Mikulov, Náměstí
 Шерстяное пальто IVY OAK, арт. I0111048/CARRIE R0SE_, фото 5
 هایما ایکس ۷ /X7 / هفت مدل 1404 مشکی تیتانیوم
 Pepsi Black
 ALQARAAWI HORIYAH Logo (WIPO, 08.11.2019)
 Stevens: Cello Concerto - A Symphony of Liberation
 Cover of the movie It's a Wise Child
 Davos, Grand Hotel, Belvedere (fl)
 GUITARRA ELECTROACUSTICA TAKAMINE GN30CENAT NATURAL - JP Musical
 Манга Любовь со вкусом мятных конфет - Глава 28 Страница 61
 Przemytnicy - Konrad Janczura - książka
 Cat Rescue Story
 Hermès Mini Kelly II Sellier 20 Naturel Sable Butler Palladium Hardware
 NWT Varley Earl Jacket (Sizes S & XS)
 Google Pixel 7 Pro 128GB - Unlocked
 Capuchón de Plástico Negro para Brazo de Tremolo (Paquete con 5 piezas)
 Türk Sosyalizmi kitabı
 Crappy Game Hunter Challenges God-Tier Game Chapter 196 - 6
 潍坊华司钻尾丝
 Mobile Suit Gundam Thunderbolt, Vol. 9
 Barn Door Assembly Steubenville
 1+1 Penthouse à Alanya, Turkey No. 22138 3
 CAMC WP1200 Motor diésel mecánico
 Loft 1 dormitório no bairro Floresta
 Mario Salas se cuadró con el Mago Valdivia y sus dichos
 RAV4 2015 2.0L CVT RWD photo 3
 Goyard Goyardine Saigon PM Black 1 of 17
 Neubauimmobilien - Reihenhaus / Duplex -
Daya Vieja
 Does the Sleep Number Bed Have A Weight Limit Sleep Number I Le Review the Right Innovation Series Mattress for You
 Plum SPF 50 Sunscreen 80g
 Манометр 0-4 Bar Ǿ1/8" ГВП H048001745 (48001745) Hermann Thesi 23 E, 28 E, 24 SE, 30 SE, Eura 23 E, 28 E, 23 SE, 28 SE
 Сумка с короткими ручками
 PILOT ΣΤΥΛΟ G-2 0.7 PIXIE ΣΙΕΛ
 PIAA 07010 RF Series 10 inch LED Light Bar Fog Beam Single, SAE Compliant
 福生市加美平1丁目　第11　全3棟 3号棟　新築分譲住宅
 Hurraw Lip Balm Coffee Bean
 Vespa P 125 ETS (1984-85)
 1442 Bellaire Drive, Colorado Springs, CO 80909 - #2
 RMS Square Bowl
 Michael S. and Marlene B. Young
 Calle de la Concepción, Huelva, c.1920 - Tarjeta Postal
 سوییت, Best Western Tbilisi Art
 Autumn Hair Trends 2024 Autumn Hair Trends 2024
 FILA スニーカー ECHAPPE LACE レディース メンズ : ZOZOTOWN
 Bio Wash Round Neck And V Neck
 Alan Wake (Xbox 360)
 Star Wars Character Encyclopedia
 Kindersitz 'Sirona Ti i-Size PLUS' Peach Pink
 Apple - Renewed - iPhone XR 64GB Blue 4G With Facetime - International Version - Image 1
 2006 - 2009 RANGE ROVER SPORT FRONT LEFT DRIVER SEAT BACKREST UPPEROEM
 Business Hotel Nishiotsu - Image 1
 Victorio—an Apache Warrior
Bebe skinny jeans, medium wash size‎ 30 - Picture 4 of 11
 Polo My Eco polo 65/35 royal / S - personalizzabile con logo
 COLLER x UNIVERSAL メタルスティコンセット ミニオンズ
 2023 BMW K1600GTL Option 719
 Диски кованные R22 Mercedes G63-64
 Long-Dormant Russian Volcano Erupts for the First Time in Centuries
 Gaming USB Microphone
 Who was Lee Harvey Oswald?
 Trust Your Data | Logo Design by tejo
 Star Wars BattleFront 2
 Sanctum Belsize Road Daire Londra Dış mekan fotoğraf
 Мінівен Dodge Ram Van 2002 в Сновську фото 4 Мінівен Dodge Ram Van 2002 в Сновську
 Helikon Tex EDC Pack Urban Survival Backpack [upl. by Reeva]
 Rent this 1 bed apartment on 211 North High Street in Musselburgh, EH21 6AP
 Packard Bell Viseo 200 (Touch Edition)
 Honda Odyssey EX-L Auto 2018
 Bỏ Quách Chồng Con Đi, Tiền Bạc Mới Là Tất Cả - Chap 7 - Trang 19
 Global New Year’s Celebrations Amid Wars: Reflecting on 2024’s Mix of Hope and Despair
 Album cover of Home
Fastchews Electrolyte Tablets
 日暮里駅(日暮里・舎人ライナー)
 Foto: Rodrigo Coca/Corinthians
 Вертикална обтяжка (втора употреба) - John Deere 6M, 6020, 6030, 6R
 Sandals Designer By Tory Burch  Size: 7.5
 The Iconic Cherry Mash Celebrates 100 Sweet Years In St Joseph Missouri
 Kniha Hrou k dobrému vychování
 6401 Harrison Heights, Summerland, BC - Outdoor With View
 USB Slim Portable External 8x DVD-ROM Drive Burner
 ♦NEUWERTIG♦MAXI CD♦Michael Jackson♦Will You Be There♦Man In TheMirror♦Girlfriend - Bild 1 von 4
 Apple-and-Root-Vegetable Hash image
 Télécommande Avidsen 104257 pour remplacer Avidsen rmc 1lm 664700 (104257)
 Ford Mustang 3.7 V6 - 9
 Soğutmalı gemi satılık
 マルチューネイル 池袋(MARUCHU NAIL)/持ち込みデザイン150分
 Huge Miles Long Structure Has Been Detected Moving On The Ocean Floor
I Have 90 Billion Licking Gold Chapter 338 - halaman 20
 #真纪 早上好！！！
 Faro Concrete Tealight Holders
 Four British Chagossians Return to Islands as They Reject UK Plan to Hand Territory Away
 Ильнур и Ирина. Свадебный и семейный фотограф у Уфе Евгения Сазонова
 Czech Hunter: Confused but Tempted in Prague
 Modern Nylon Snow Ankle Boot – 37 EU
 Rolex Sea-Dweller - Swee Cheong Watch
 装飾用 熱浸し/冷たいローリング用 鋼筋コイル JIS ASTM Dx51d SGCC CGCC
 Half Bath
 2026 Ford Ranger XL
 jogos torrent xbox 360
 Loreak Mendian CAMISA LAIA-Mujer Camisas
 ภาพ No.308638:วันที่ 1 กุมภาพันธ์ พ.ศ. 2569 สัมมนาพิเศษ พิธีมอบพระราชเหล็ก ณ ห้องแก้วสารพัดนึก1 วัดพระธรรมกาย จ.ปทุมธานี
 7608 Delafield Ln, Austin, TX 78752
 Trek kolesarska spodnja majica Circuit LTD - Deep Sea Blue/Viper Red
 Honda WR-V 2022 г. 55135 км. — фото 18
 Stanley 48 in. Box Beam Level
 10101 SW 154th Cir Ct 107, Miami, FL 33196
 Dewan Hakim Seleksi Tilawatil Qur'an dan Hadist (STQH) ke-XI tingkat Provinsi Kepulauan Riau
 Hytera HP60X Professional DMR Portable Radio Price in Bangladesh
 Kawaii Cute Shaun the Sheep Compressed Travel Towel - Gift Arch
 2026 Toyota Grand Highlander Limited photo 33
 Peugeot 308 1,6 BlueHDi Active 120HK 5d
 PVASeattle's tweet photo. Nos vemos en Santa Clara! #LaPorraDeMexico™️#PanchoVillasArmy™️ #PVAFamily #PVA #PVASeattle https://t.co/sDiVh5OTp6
# # #
**What is needed:** The response should be an exact copy of the lines from the one with "Kawaii Cute Shaun" through the end of the data, with no other text.

**Response to this task:**
 Kawaii Cute Shaun the Sheep Compressed Travel Towel - Gift Arch
 2026 Toyota Grand Highlander Limited photo 33
 Peugeot 308 1,6 BlueHDi Active 120HK 5d
 PVASeattle's tweet photo. Nos vemos en Santa Clara! #LaPorraDeMexico™️#PanchoVillasArmy™️ #PVAFamily #PVA #PVASeattle https://t.co/sDiVh5OTp6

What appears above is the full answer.